RECORDS SUPPLIED:

=== Begin Enclosure ===

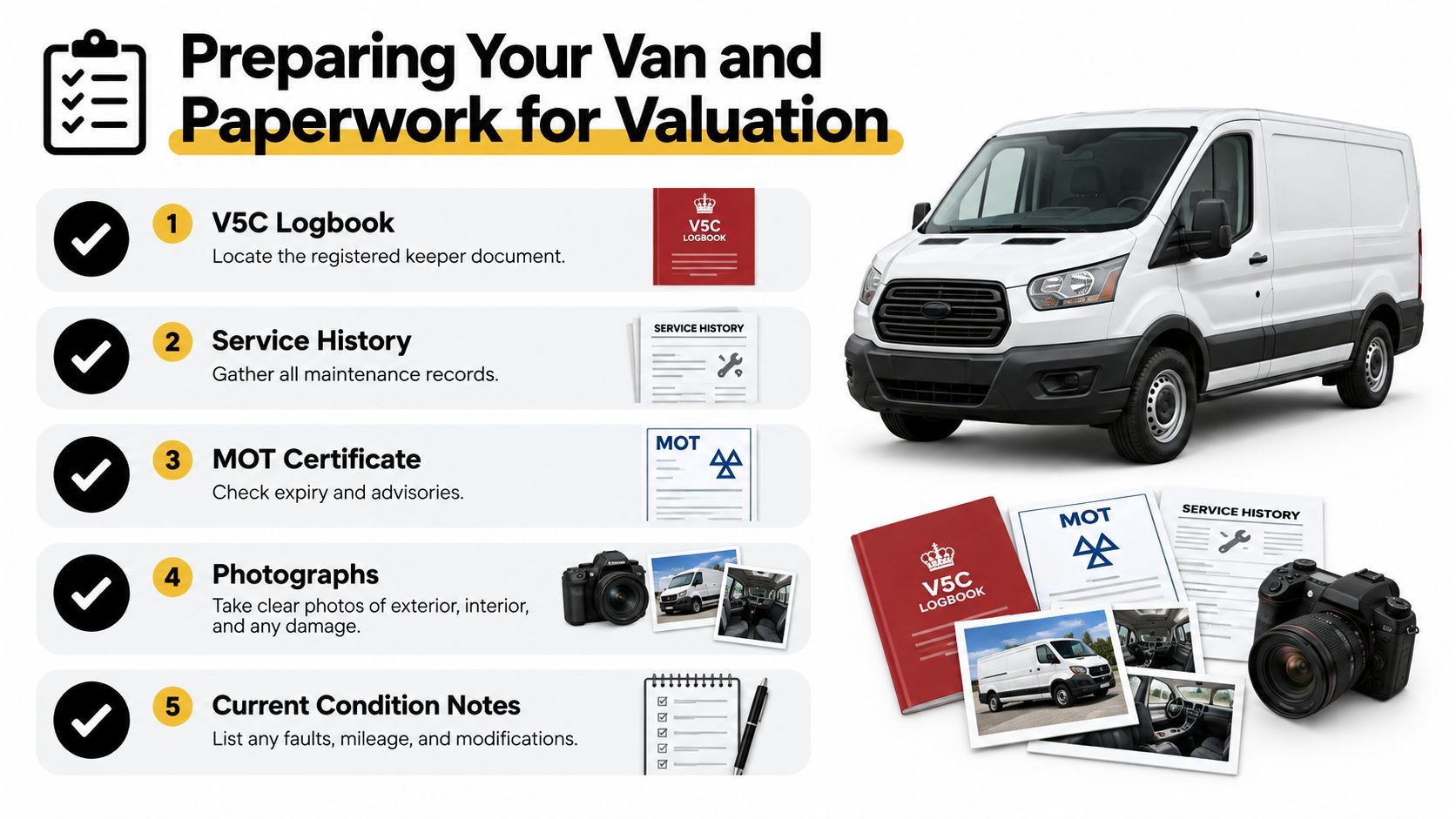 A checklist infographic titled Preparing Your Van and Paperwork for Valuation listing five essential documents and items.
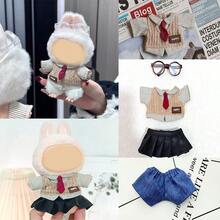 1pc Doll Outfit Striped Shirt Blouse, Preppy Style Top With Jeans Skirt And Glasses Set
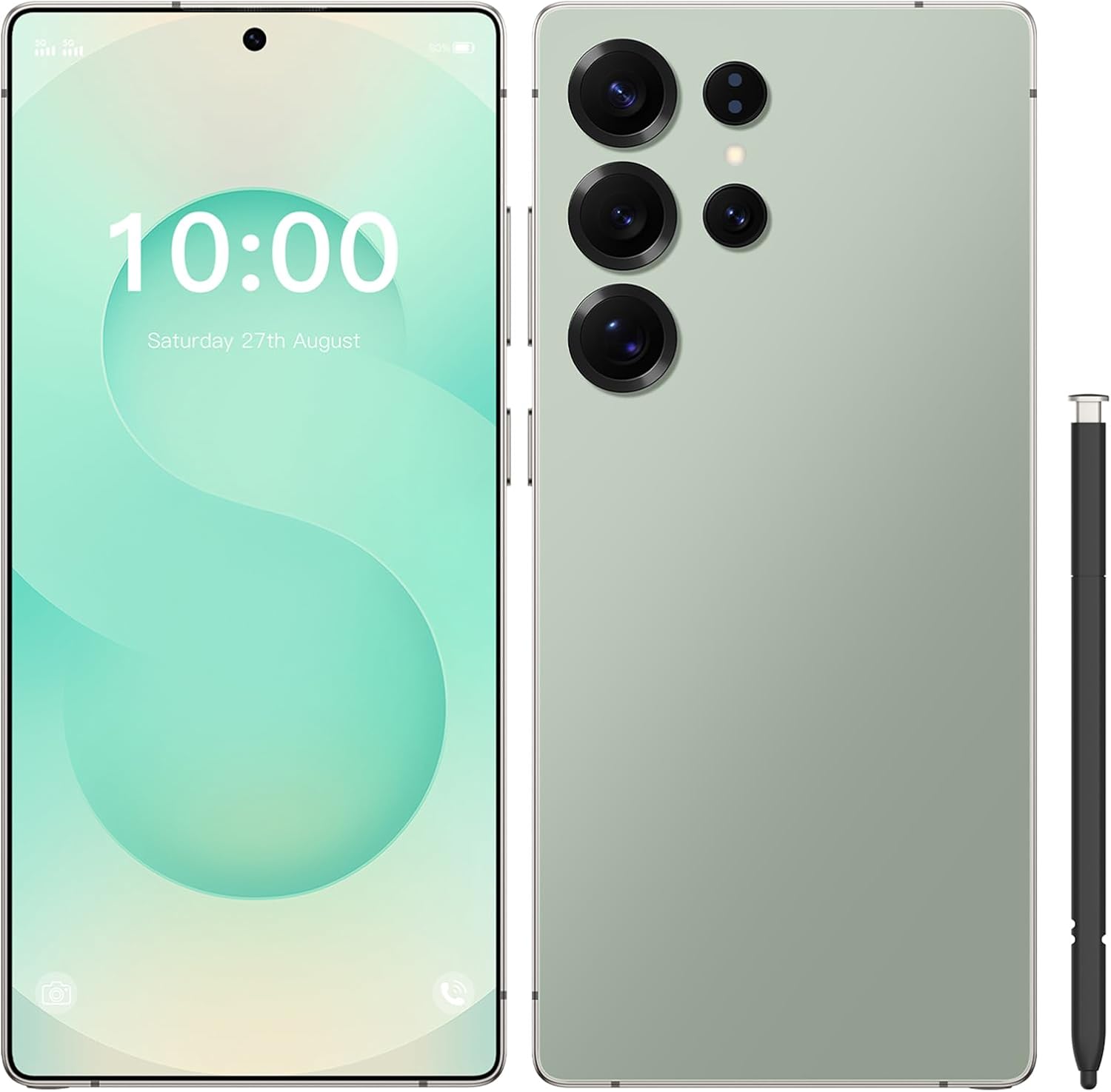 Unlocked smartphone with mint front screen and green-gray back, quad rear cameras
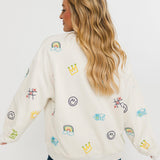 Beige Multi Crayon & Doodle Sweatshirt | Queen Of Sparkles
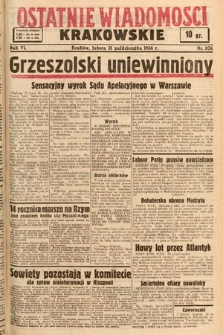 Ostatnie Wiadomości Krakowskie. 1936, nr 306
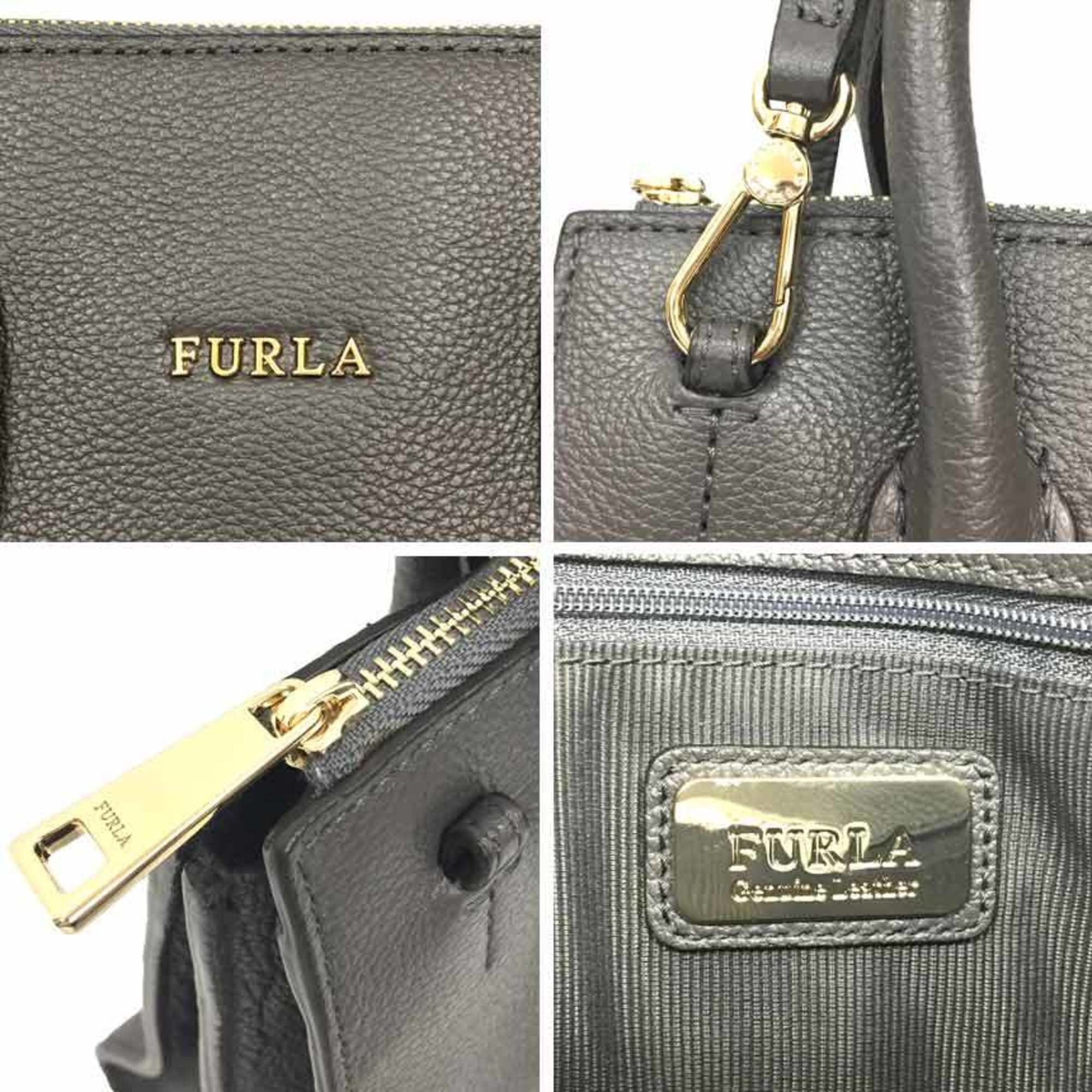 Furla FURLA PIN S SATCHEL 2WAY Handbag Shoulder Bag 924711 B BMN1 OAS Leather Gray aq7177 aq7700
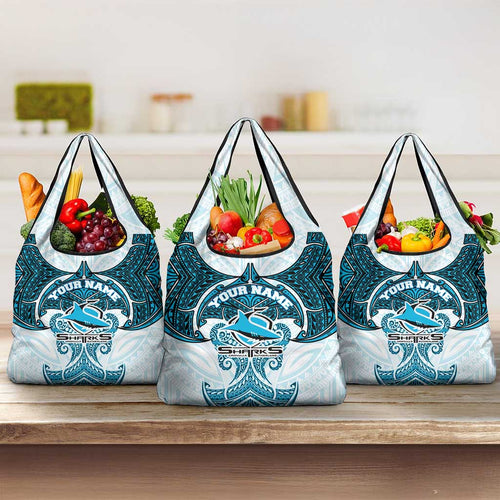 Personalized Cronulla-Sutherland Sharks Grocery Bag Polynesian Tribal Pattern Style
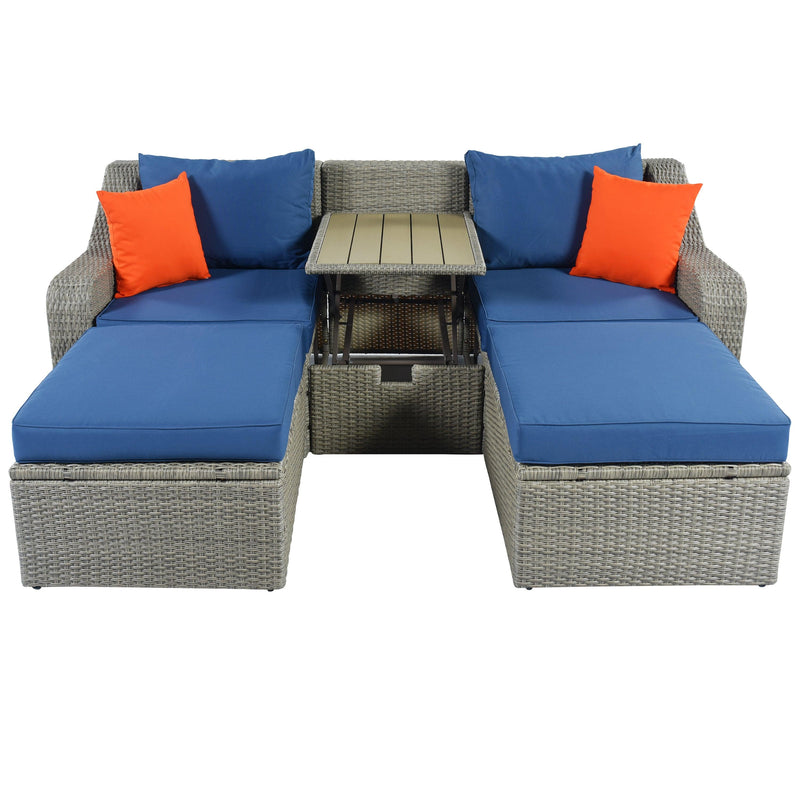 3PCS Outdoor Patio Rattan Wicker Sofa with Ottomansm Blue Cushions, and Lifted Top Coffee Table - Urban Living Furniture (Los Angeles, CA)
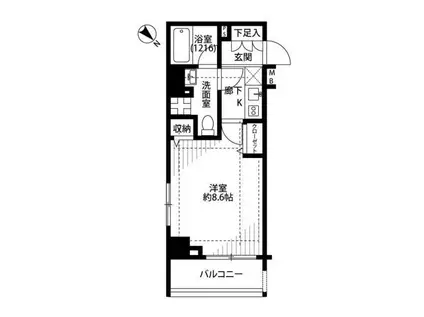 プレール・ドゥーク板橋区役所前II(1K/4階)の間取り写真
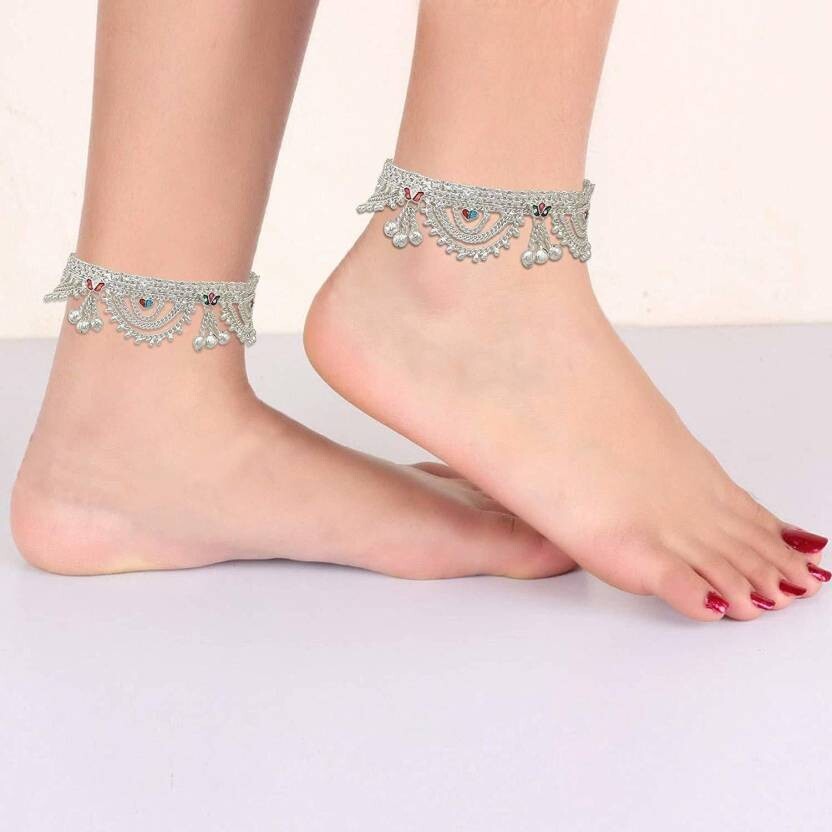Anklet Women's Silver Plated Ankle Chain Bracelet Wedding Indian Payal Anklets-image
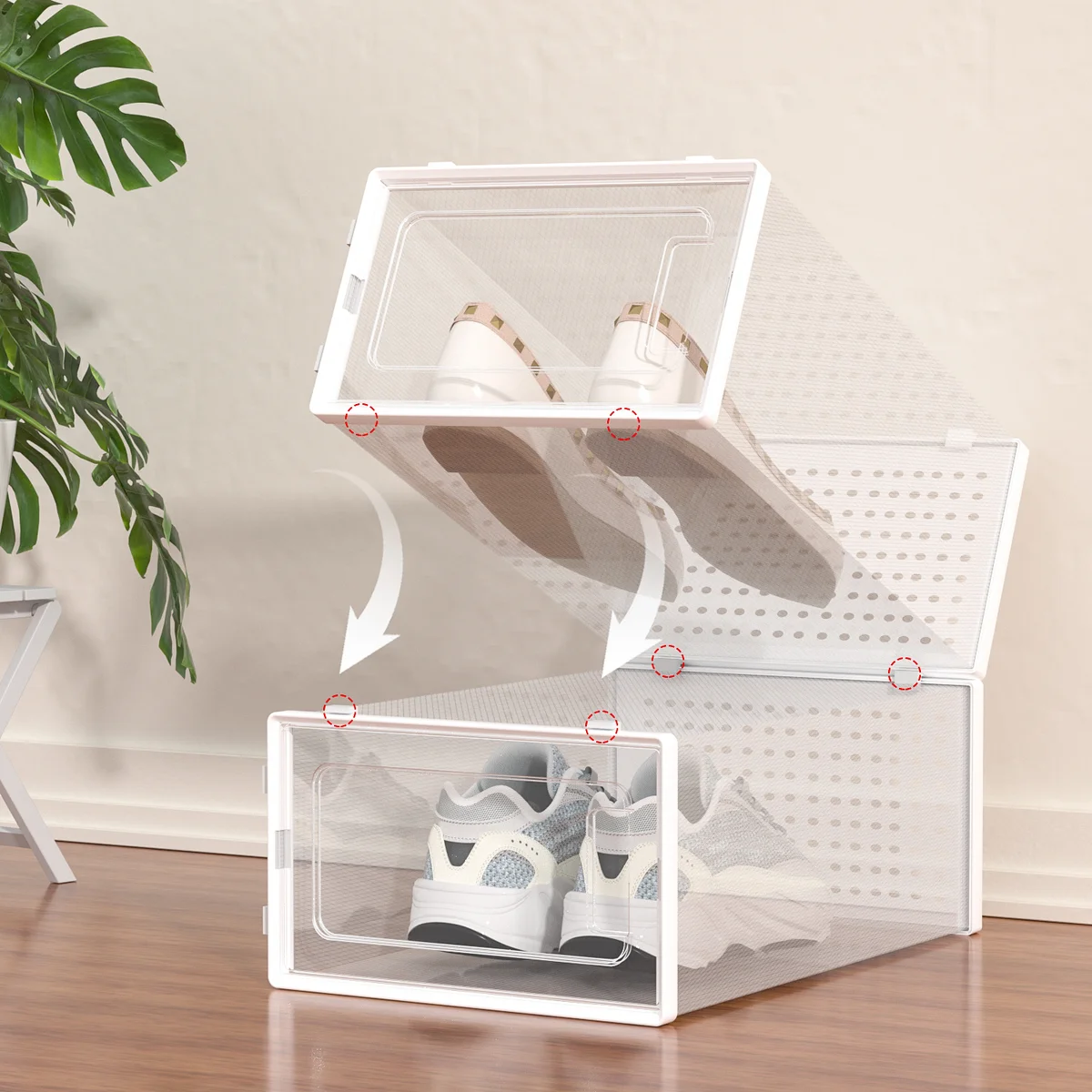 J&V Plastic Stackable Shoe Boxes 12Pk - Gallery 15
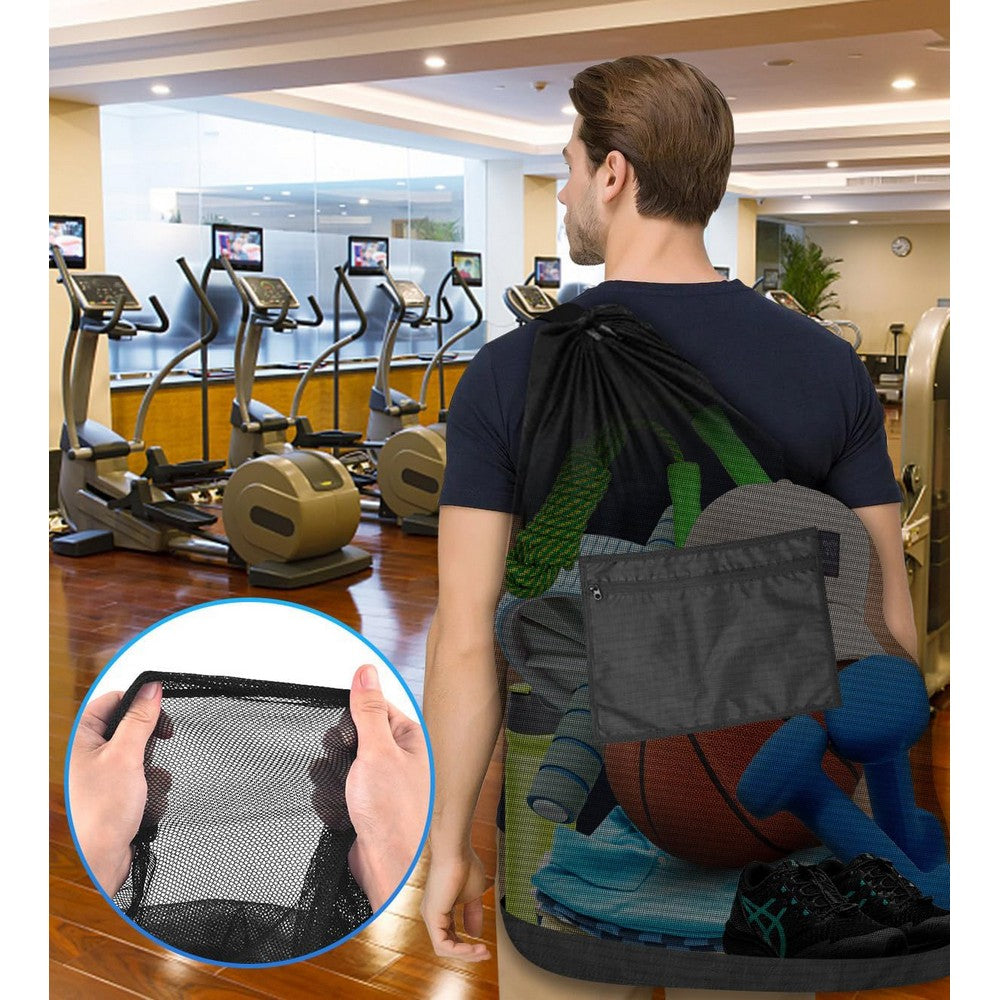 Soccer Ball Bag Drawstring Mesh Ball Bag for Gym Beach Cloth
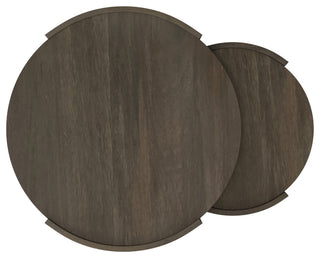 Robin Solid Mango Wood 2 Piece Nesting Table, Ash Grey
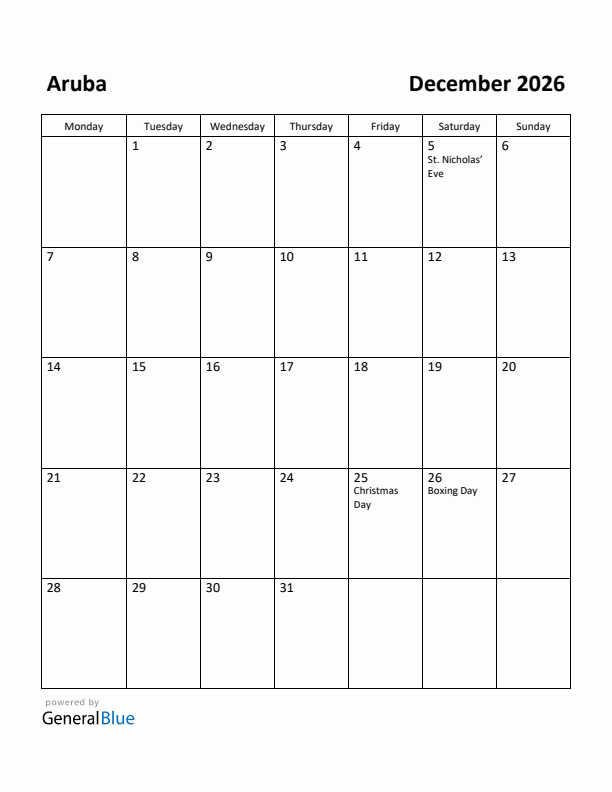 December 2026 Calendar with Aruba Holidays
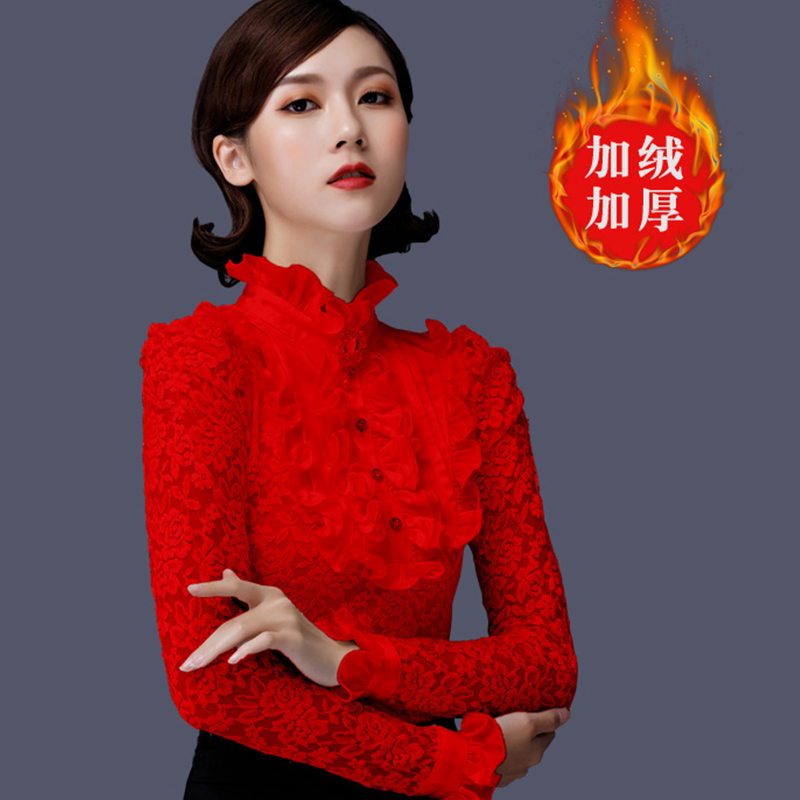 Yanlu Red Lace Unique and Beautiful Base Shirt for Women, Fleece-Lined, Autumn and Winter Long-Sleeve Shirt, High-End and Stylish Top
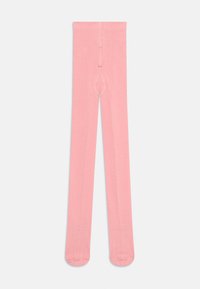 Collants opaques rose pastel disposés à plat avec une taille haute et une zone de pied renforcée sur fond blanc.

=== End Enclosure ===

WHAT THIS TASK INVOLVES:
With pictures omitted, repeat the entries above word for word from the line holding "Personalized Cronulla-Sutherland Sharks" down to the line holding "プレール・ドゥーク板橋区役所前II(1K/4階)の間取り写真", keeping both of those lines.

ANSWER BOX:
 Personalized Cronulla-Sutherland Sharks Grocery Bag Polynesian Tribal Pattern Style
 3PCS Outdoor Patio Rattan Wicker Sofa with Ottomansm Blue Cushions, and Lifted Top Coffee Table - Urban Living Furniture (Los Angeles, CA)
 プレール・ドゥーク板橋区役所前II(1K/4階)の間取り写真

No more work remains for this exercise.